▶ [Work to be completed] Write out the lines below exactly, beginning at the one with "1994 Pontiac Firebird" and stopping after the one with "- Foto, immagini"; the pictures are not copied.

▶ [Task input]

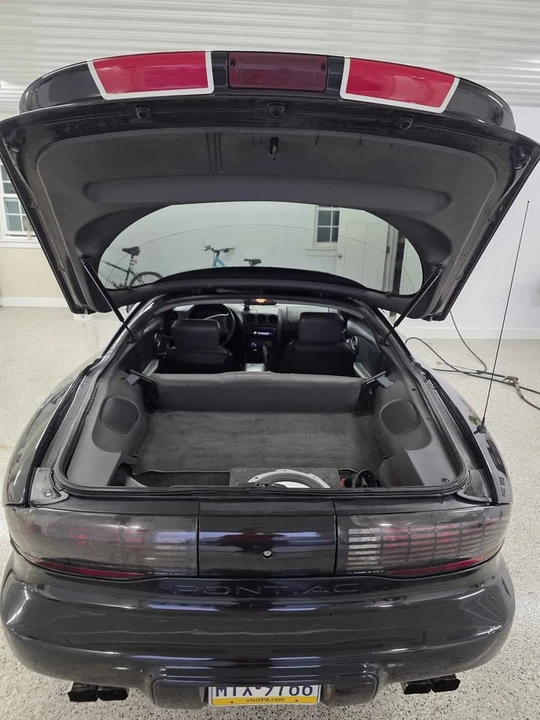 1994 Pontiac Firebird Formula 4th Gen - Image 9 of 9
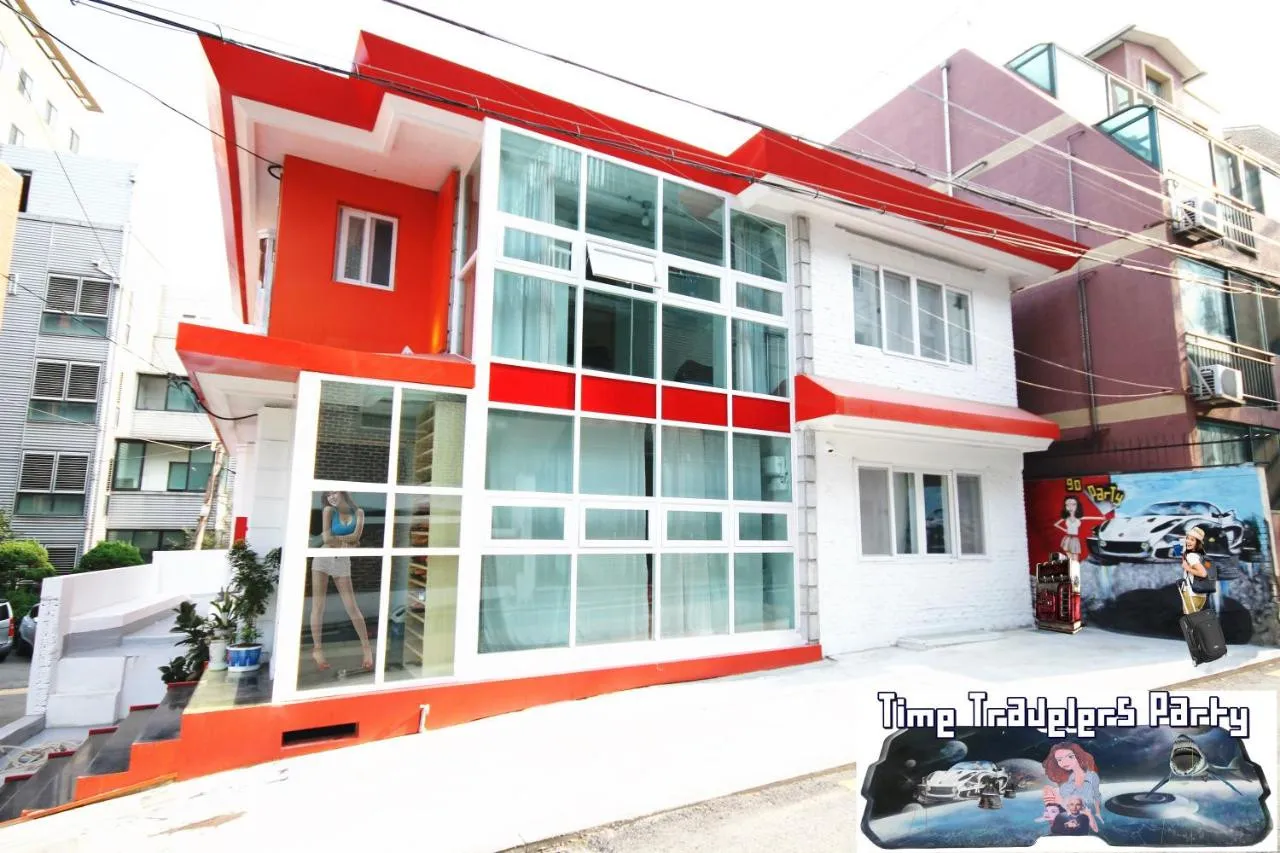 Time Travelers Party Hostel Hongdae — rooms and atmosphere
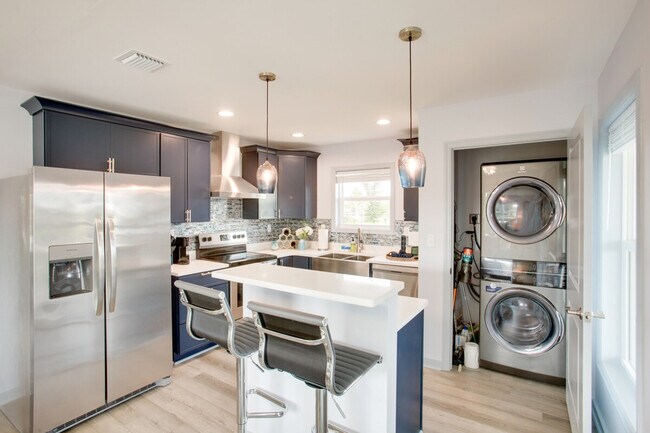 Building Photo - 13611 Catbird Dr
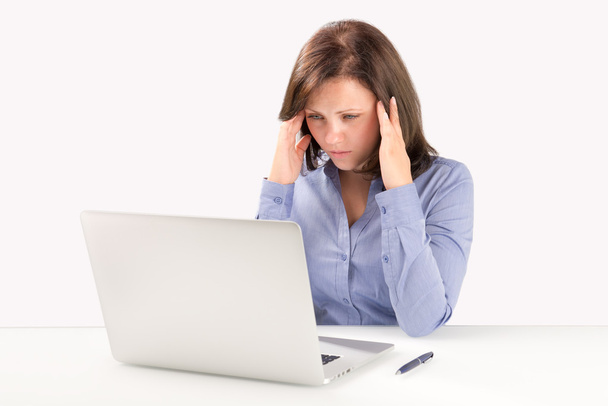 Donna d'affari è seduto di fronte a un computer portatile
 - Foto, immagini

* * *

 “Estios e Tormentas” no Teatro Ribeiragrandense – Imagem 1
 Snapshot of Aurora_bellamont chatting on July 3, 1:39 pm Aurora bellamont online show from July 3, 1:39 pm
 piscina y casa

▶ [Answer box]
 1994 Pontiac Firebird Formula 4th Gen - Image 9 of 9
 Time Travelers Party Hostel Hongdae — rooms and atmosphere
 Building Photo - 13611 Catbird Dr
 Donna d'affari è seduto di fronte a un computer portatile
 - Foto, immagini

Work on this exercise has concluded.